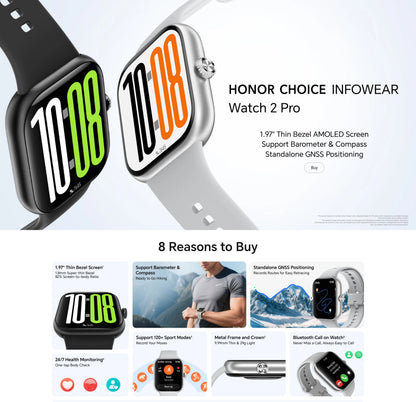 New Honor Choice Watch 2 Pro Smartwatch 5ATM+IP68 Waterproof 1.97" Bezel AMOLED Screen Barometer GPS GNSS Compass 360mAh Battery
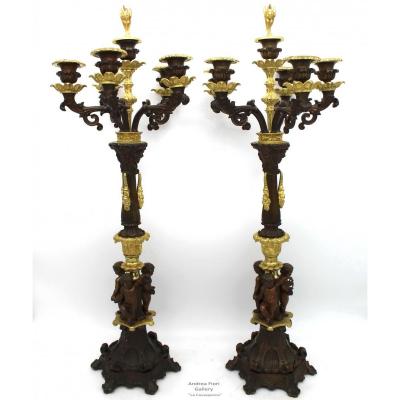 Ancien Paire de Chandeliers Candelabres Bougeoirs d'époque Empire (H.70) en bronze - du 19ème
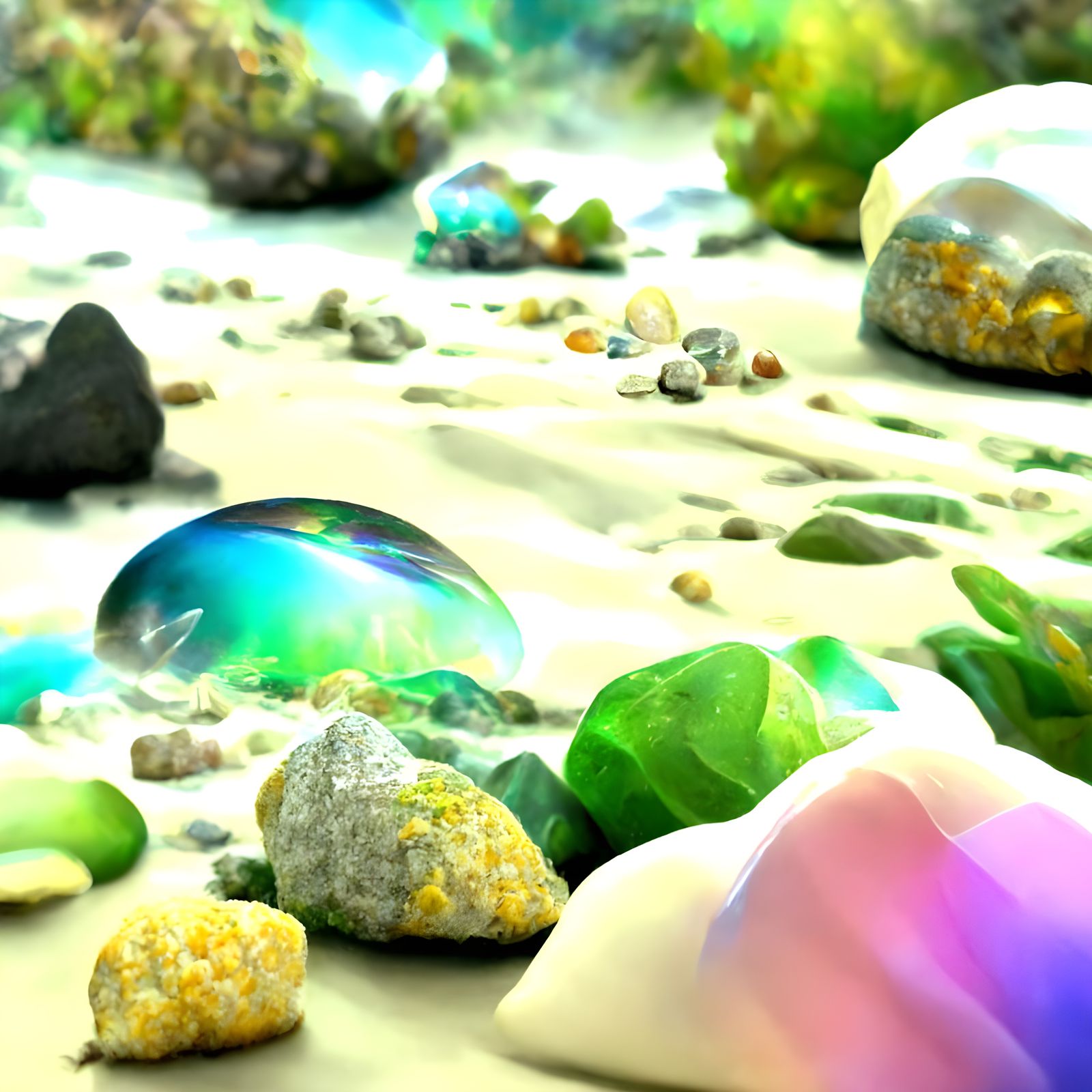 Fantasy Island: Crystal Waters and Colorful Pebbles
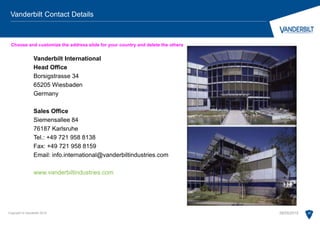 Vanderbilt International
Head Office
Borsigstrasse 34
65205 Wiesbaden
Germany
Sales Office
Siemensallee 84
76187 Karlsruhe
Tel.: +49 721 958 8138
Fax: +49 721 958 8159
Email: info.international@vanderbiltindustries.com
www.vanderbiltindustries.com
Copyright © Vanderbilt 2015 22
Vanderbilt Contact Details
28/05/2015
Choose and customize the address slide for your country and delete the others
 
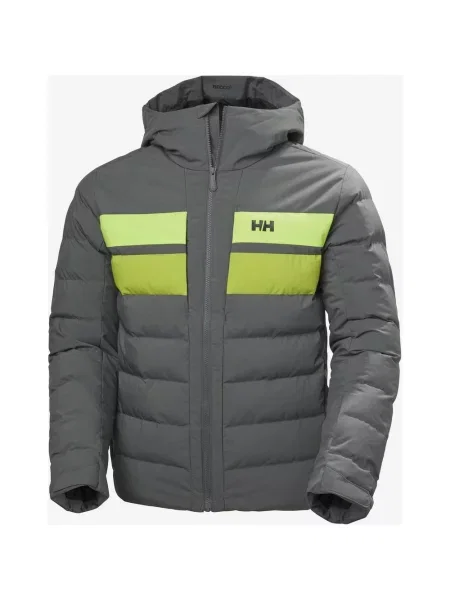 Kurtka z kapturem Helly Hansen Bossanova Puffy Ski Free ciemnoszary żółty fosforyzujący S szara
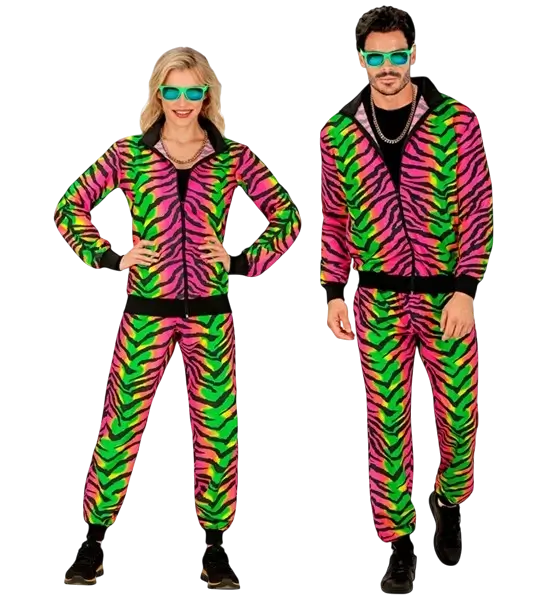 Déguisement Animalier Rave fluo adulte – veste et pantalon pour festival et soirée à thème zèbre fluo - XL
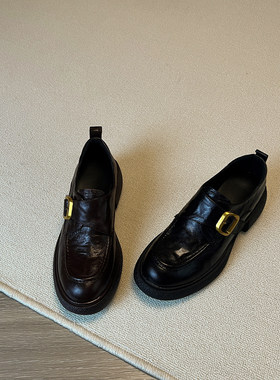 羊皮版~英伦风复古圆头搭扣乐福鞋女粗跟厚底增高黑色小皮鞋单鞋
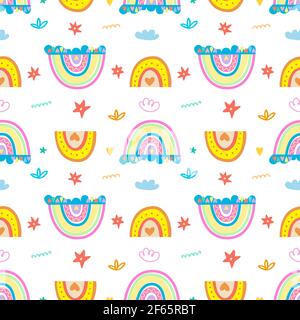 Boho Sammlung von Regenbögen, Wolken und Sterne. Stock Vektor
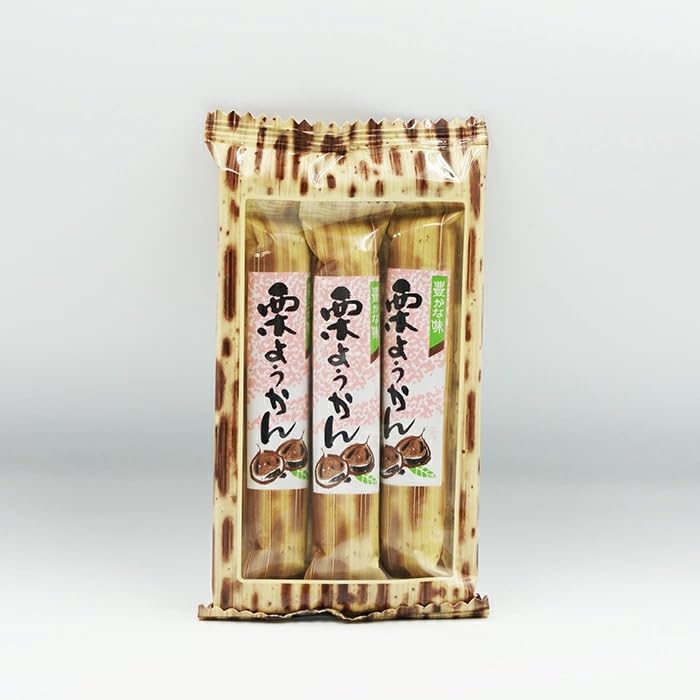 Kuri Yokan Traditional Sweet Bean Jelly with minced Chestnut 3 Pieces (Pack of 3), Japanese Sweets Snack Wagashi, MADE IN JAPAN, Limited Stock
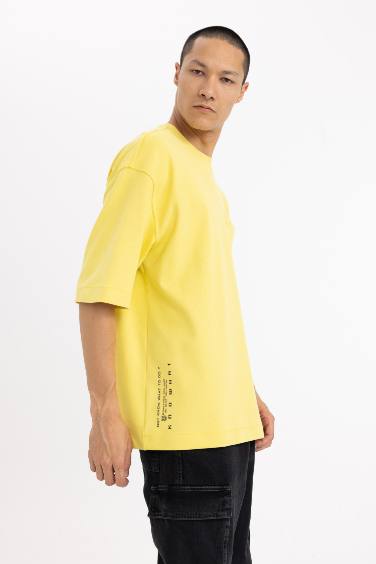Loose Fit Crew Neck Pocket Printed Heavy Fabric T-Shirt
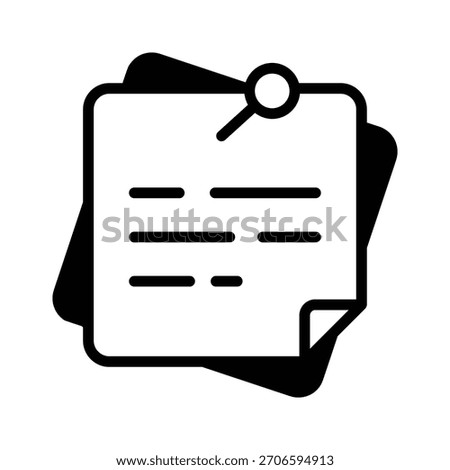 A trendy icon of sticky notes in glyph style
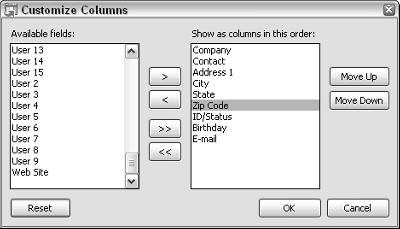 66 Part II: Putting the ACT! Database to Work Figure 5-1: Adding columns to the Contact List. 2.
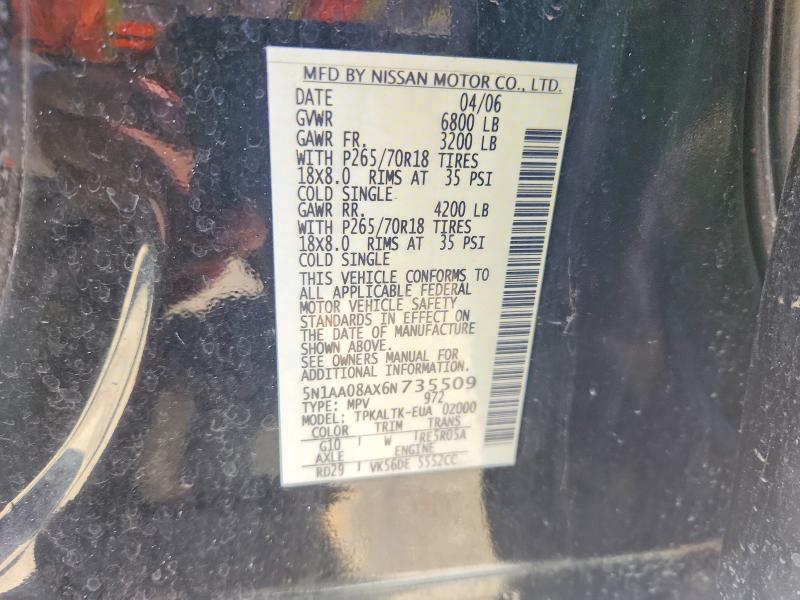 Aukcja sprzedaży 2006 Nissan Armada, vin: 5N1AA08AX6N735509, numer aukcji: 57049216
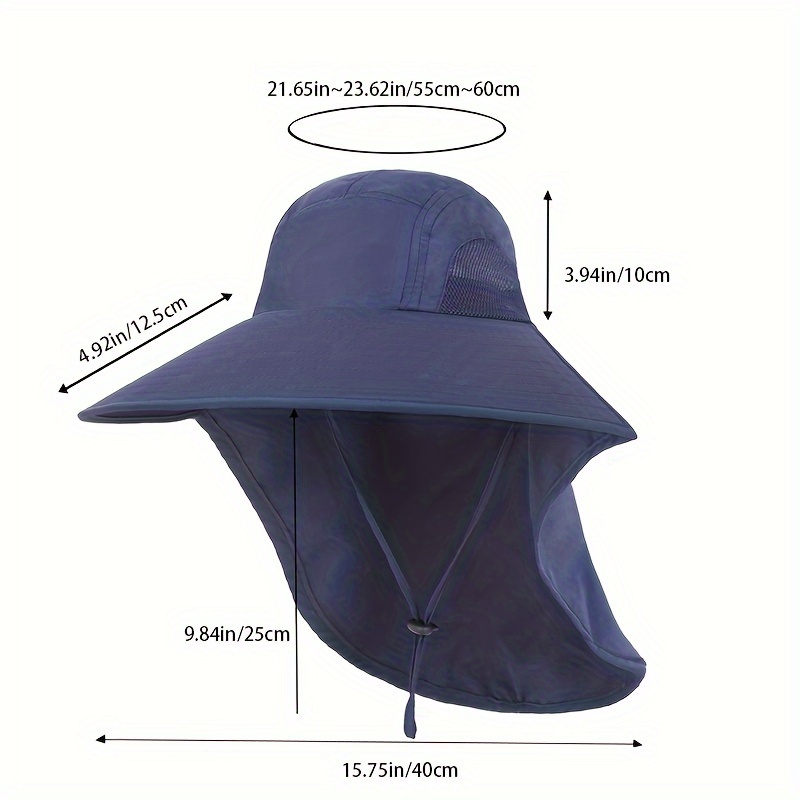Mens Upf 50 Hiking Gardening Fishing Hat Waterproof Wide Brim Sun  Protection Hat With Neck Flap Navy Blue - Jewelry & Accessories - Temu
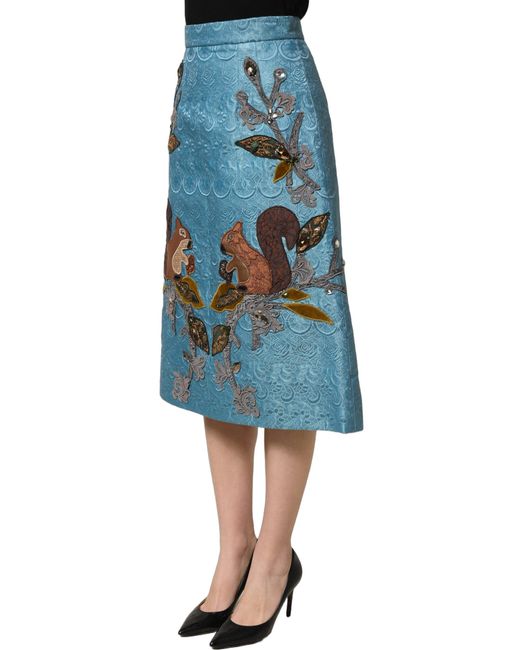 Dolce & Gabbana Blue Jacquard Embroidered A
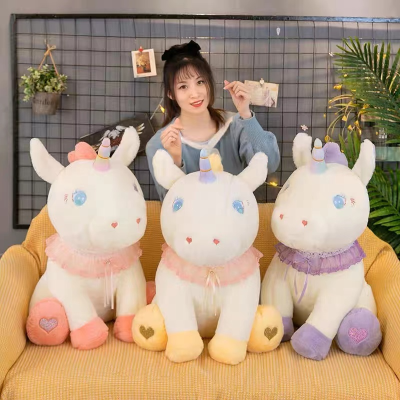 Super Cute Unicorn Doll Soft Pillow Doll Girl Cute Plush Toy Ragdoll Girl's Birthday Gift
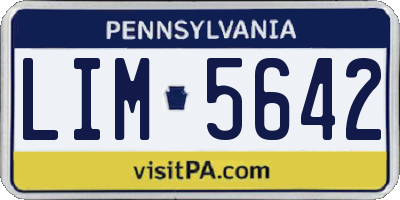 PA license plate LIM5642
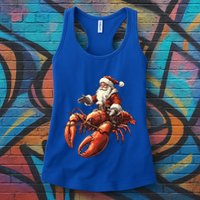 Santa Riding Lobster Funny Lobster Christmas Xmas Pajama Funny Gift Womens Tank Top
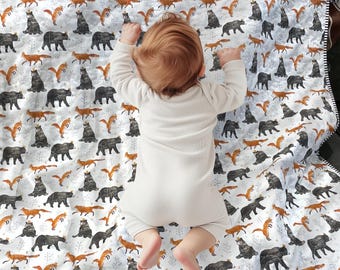 Woodland Baby Quilt, Bear & Fox, Reversible Cotton Crib Blanket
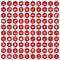 100 programmer icons hexagon red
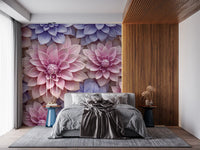 Abstract Petal Layers in Blush and Violet Wall Mural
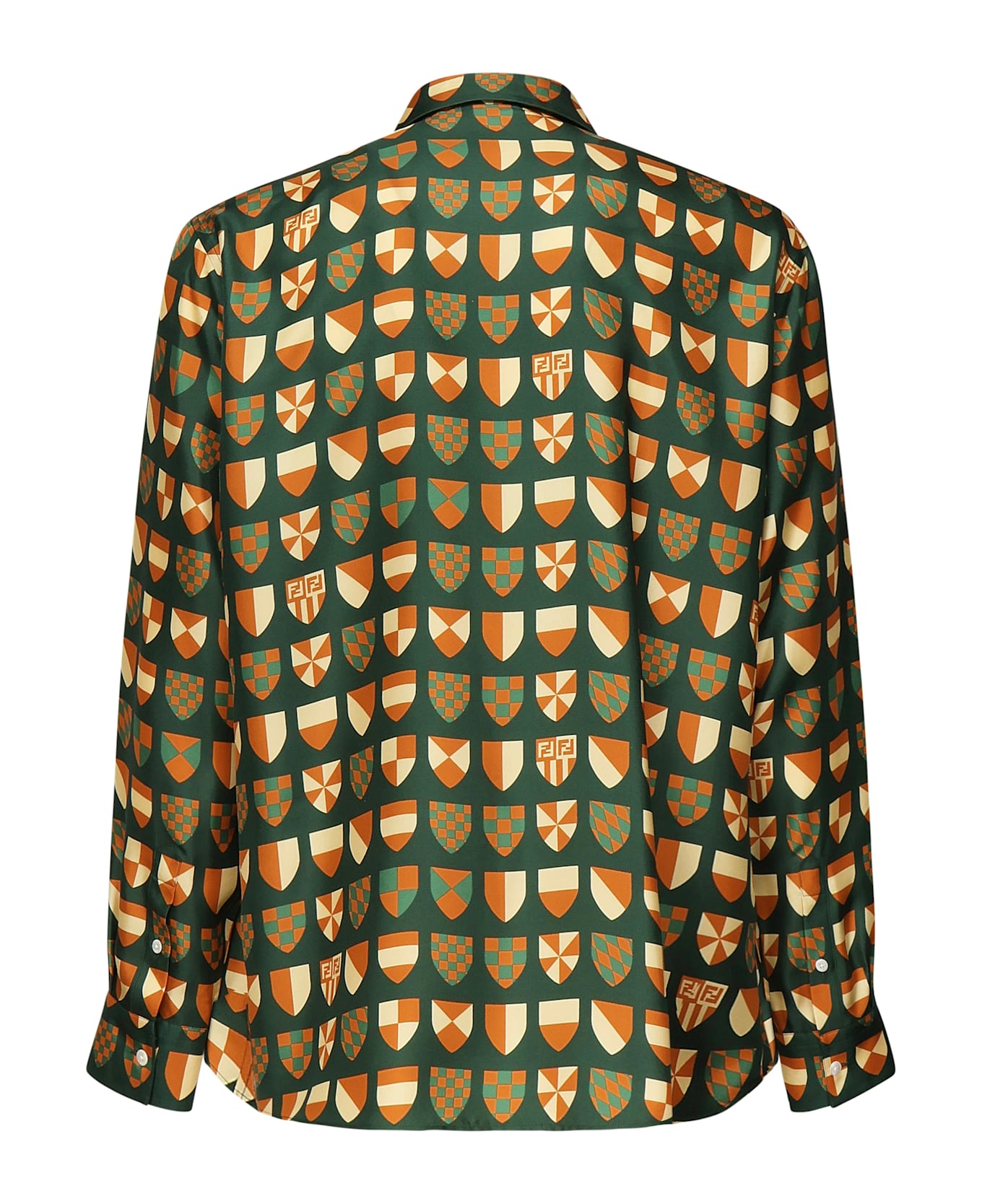 Fendi Ff Araldic Silk Shirt - GREEN, orange
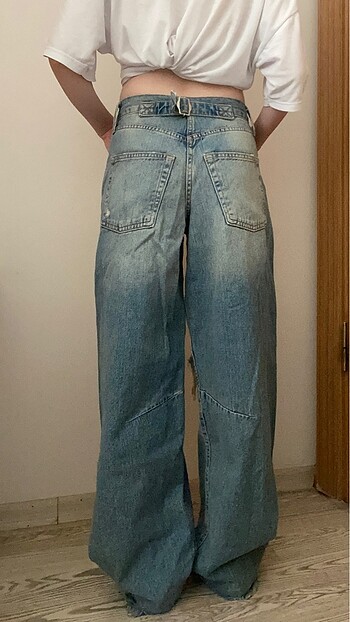 32 Beden mavi Renk Baggy pantolon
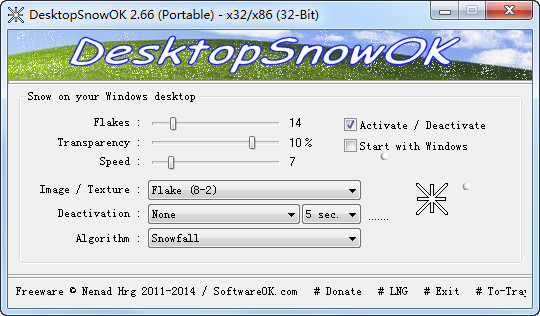 DesktopSnowOK(桌面飘雪)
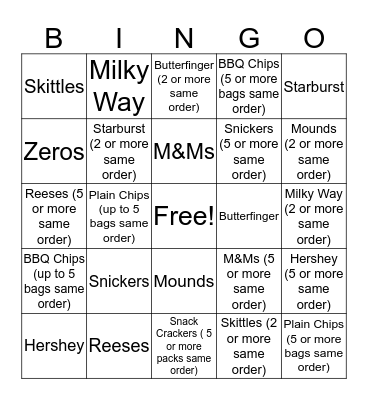 Snack Time Bingo Card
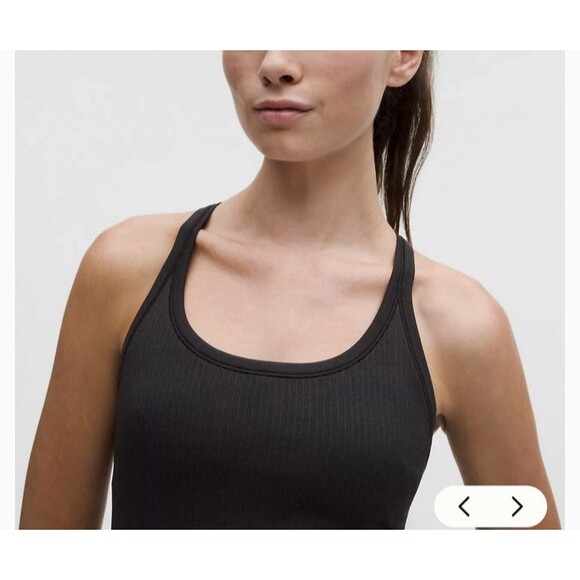 Lululemon Ebb to Street Tank Top Size 6 Light Support B/C Cup Black Yoga Workout - Picture 4 of 11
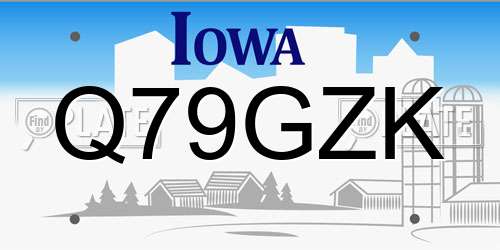 Q79GZK Iowa License Plate
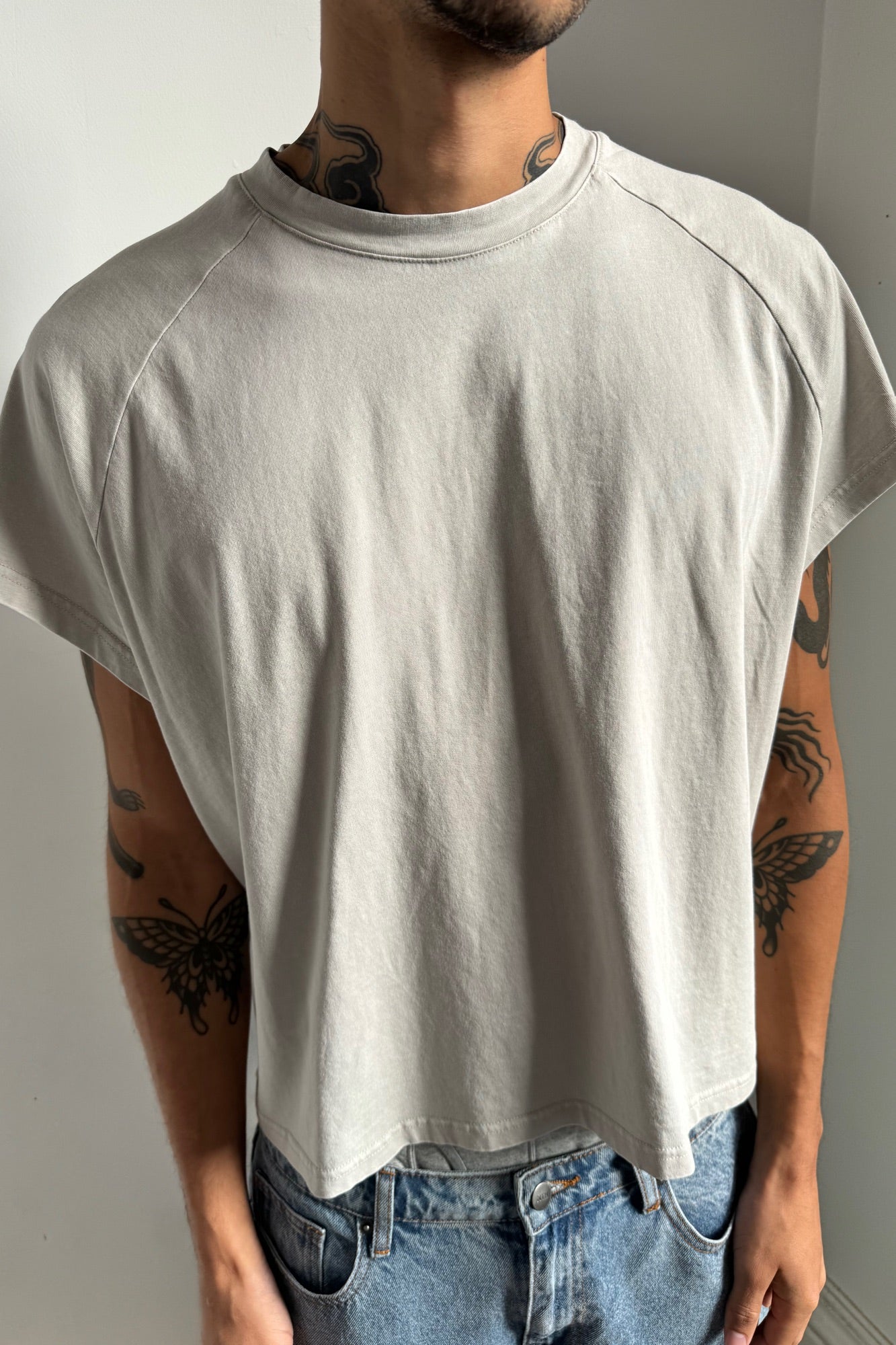 Raglan Crop Box Tank Acid Sand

....................

**Exercise directions**:
Only the lines from the one containing "Q79GZK Iowa License Plate" through the end of the data above are to be output, exactly and without pictures.

**Written answer**:
 Q79GZK Iowa License Plate
 Raglan Crop Box Tank Acid Sand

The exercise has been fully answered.